LISTED RECORDS
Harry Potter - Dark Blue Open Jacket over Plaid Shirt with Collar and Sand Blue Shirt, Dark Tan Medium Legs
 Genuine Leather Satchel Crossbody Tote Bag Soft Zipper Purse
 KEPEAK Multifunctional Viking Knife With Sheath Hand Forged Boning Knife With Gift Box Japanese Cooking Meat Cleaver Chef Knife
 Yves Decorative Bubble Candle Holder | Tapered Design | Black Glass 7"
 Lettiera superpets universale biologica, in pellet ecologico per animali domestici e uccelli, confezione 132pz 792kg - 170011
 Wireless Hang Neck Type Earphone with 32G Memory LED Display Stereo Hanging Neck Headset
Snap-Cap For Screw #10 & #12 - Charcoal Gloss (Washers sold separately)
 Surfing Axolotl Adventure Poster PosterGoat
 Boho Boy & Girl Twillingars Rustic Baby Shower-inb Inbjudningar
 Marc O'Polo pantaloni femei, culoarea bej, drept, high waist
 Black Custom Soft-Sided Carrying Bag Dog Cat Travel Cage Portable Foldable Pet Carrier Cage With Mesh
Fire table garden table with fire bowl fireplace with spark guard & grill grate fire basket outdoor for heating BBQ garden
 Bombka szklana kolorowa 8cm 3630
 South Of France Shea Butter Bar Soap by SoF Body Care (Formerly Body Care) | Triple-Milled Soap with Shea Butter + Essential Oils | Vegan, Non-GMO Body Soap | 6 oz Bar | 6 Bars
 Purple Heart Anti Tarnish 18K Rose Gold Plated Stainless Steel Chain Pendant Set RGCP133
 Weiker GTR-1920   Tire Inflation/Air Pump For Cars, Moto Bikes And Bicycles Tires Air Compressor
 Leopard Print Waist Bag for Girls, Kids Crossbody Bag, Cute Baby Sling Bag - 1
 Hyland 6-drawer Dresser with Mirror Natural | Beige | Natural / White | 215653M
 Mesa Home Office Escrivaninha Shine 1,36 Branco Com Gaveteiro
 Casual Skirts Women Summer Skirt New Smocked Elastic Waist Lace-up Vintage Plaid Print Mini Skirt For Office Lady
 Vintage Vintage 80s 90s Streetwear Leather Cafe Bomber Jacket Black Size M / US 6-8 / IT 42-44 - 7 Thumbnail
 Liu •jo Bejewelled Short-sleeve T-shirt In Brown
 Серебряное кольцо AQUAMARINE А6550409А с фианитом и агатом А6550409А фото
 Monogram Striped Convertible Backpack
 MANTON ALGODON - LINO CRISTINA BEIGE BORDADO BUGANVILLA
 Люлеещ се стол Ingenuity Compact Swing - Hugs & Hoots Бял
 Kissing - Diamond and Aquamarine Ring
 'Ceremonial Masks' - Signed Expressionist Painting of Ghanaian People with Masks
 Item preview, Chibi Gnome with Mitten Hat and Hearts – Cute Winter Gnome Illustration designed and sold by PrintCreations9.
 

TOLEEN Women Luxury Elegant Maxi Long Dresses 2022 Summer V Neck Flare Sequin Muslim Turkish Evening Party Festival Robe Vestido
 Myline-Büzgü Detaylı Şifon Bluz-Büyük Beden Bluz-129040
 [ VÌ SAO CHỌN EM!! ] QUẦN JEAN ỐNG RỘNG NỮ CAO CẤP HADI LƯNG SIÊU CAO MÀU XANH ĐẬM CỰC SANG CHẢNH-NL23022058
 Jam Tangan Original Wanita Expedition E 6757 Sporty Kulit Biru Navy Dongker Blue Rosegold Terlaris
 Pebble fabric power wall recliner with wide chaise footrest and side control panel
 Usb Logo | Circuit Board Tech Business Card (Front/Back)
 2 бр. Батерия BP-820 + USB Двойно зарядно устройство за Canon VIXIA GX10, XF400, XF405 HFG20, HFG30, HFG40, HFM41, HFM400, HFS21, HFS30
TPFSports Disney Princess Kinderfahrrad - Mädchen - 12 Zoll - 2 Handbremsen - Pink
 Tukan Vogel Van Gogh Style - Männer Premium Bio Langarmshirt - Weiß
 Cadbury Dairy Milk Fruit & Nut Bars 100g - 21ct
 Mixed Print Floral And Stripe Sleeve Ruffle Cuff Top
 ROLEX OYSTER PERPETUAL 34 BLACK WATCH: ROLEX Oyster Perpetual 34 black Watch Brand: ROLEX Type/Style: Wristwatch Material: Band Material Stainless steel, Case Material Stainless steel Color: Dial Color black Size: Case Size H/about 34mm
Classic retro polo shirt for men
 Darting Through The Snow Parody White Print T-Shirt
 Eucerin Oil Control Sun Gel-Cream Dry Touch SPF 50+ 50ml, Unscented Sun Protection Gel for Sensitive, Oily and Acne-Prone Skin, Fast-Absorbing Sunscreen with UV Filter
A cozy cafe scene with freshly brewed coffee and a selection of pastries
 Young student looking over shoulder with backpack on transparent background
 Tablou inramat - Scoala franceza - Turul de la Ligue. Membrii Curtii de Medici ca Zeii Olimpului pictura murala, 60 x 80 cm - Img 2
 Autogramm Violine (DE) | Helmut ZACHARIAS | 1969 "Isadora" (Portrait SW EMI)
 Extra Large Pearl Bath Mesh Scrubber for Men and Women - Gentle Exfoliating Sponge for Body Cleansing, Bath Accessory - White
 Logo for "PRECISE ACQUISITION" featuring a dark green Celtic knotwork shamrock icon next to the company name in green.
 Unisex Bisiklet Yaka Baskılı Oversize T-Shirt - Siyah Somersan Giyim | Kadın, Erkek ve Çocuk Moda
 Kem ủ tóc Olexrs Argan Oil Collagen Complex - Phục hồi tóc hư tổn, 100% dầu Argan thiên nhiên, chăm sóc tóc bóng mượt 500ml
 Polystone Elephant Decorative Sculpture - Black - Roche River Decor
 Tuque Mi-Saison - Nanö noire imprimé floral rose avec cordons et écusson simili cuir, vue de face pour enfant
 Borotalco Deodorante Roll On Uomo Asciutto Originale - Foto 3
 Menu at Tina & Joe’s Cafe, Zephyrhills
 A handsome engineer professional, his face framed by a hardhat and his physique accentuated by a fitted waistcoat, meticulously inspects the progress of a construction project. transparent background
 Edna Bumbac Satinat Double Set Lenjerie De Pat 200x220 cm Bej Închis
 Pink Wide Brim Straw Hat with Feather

AIM OF THE TASK
Transcribe the data above in full, exactly as it appears.

RESULT
Harry Potter - Dark Blue Open Jacket over Plaid Shirt with Collar and Sand Blue Shirt, Dark Tan Medium Legs
 Genuine Leather Satchel Crossbody Tote Bag Soft Zipper Purse
 KEPEAK Multifunctional Viking Knife With Sheath Hand Forged Boning Knife With Gift Box Japanese Cooking Meat Cleaver Chef Knife
 Yves Decorative Bubble Candle Holder | Tapered Design | Black Glass 7"
 Lettiera superpets universale biologica, in pellet ecologico per animali domestici e uccelli, confezione 132pz 792kg - 170011
 Wireless Hang Neck Type Earphone with 32G Memory LED Display Stereo Hanging Neck Headset
Snap-Cap For Screw #10 & #12 - Charcoal Gloss (Washers sold separately)
 Surfing Axolotl Adventure Poster PosterGoat
 Boho Boy & Girl Twillingars Rustic Baby Shower-inb Inbjudningar
 Marc O'Polo pantaloni femei, culoarea bej, drept, high waist
 Black Custom Soft-Sided Carrying Bag Dog Cat Travel Cage Portable Foldable Pet Carrier Cage With Mesh
Fire table garden table with fire bowl fireplace with spark guard & grill grate fire basket outdoor for heating BBQ garden
 Bombka szklana kolorowa 8cm 3630
 South Of France Shea Butter Bar Soap by SoF Body Care (Formerly Body Care) | Triple-Milled Soap with Shea Butter + Essential Oils | Vegan, Non-GMO Body Soap | 6 oz Bar | 6 Bars
 Purple Heart Anti Tarnish 18K Rose Gold Plated Stainless Steel Chain Pendant Set RGCP133
 Weiker GTR-1920   Tire Inflation/Air Pump For Cars, Moto Bikes And Bicycles Tires Air Compressor
 Leopard Print Waist Bag for Girls, Kids Crossbody Bag, Cute Baby Sling Bag - 1
 Hyland 6-drawer Dresser with Mirror Natural | Beige | Natural / White | 215653M
 Mesa Home Office Escrivaninha Shine 1,36 Branco Com Gaveteiro
 Casual Skirts Women Summer Skirt New Smocked Elastic Waist Lace-up Vintage Plaid Print Mini Skirt For Office Lady
 Vintage Vintage 80s 90s Streetwear Leather Cafe Bomber Jacket Black Size M / US 6-8 / IT 42-44 - 7 Thumbnail
 Liu •jo Bejewelled Short-sleeve T-shirt In Brown
 Серебряное кольцо AQUAMARINE А6550409А с фианитом и агатом А6550409А фото
 Monogram Striped Convertible Backpack
 MANTON ALGODON - LINO CRISTINA BEIGE BORDADO BUGANVILLA
 Люлеещ се стол Ingenuity Compact Swing - Hugs & Hoots Бял
 Kissing - Diamond and Aquamarine Ring
 'Ceremonial Masks' - Signed Expressionist Painting of Ghanaian People with Masks
 Item preview, Chibi Gnome with Mitten Hat and Hearts – Cute Winter Gnome Illustration designed and sold by PrintCreations9.
 

TOLEEN Women Luxury Elegant Maxi Long Dresses 2022 Summer V Neck Flare Sequin Muslim Turkish Evening Party Festival Robe Vestido
 Myline-Büzgü Detaylı Şifon Bluz-Büyük Beden Bluz-129040
 [ VÌ SAO CHỌN EM!! ] QUẦN JEAN ỐNG RỘNG NỮ CAO CẤP HADI LƯNG SIÊU CAO MÀU XANH ĐẬM CỰC SANG CHẢNH-NL23022058
 Jam Tangan Original Wanita Expedition E 6757 Sporty Kulit Biru Navy Dongker Blue Rosegold Terlaris
 Pebble fabric power wall recliner with wide chaise footrest and side control panel
 Usb Logo | Circuit Board Tech Business Card (Front/Back)
 2 бр. Батерия BP-820 + USB Двойно зарядно устройство за Canon VIXIA GX10, XF400, XF405 HFG20, HFG30, HFG40, HFM41, HFM400, HFS21, HFS30
TPFSports Disney Princess Kinderfahrrad - Mädchen - 12 Zoll - 2 Handbremsen - Pink
 Tukan Vogel Van Gogh Style - Männer Premium Bio Langarmshirt - Weiß
 Cadbury Dairy Milk Fruit & Nut Bars 100g - 21ct
 Mixed Print Floral And Stripe Sleeve Ruffle Cuff Top
 ROLEX OYSTER PERPETUAL 34 BLACK WATCH: ROLEX Oyster Perpetual 34 black Watch Brand: ROLEX Type/Style: Wristwatch Material: Band Material Stainless steel, Case Material Stainless steel Color: Dial Color black Size: Case Size H/about 34mm
Classic retro polo shirt for men
 Darting Through The Snow Parody White Print T-Shirt
 Eucerin Oil Control Sun Gel-Cream Dry Touch SPF 50+ 50ml, Unscented Sun Protection Gel for Sensitive, Oily and Acne-Prone Skin, Fast-Absorbing Sunscreen with UV Filter
A cozy cafe scene with freshly brewed coffee and a selection of pastries
 Young student looking over shoulder with backpack on transparent background
 Tablou inramat - Scoala franceza - Turul de la Ligue. Membrii Curtii de Medici ca Zeii Olimpului pictura murala, 60 x 80 cm - Img 2
 Autogramm Violine (DE) | Helmut ZACHARIAS | 1969 "Isadora" (Portrait SW EMI)
 Extra Large Pearl Bath Mesh Scrubber for Men and Women - Gentle Exfoliating Sponge for Body Cleansing, Bath Accessory - White
 Logo for "PRECISE ACQUISITION" featuring a dark green Celtic knotwork shamrock icon next to the company name in green.
 Unisex Bisiklet Yaka Baskılı Oversize T-Shirt - Siyah Somersan Giyim | Kadın, Erkek ve Çocuk Moda
 Kem ủ tóc Olexrs Argan Oil Collagen Complex - Phục hồi tóc hư tổn, 100% dầu Argan thiên nhiên, chăm sóc tóc bóng mượt 500ml
 Polystone Elephant Decorative Sculpture - Black - Roche River Decor
 Tuque Mi-Saison - Nanö noire imprimé floral rose avec cordons et écusson simili cuir, vue de face pour enfant
 Borotalco Deodorante Roll On Uomo Asciutto Originale - Foto 3
 Menu at Tina & Joe’s Cafe, Zephyrhills
 A handsome engineer professional, his face framed by a hardhat and his physique accentuated by a fitted waistcoat, meticulously inspects the progress of a construction project. transparent background
 Edna Bumbac Satinat Double Set Lenjerie De Pat 200x220 cm Bej Închis
 Pink Wide Brim Straw Hat with Feather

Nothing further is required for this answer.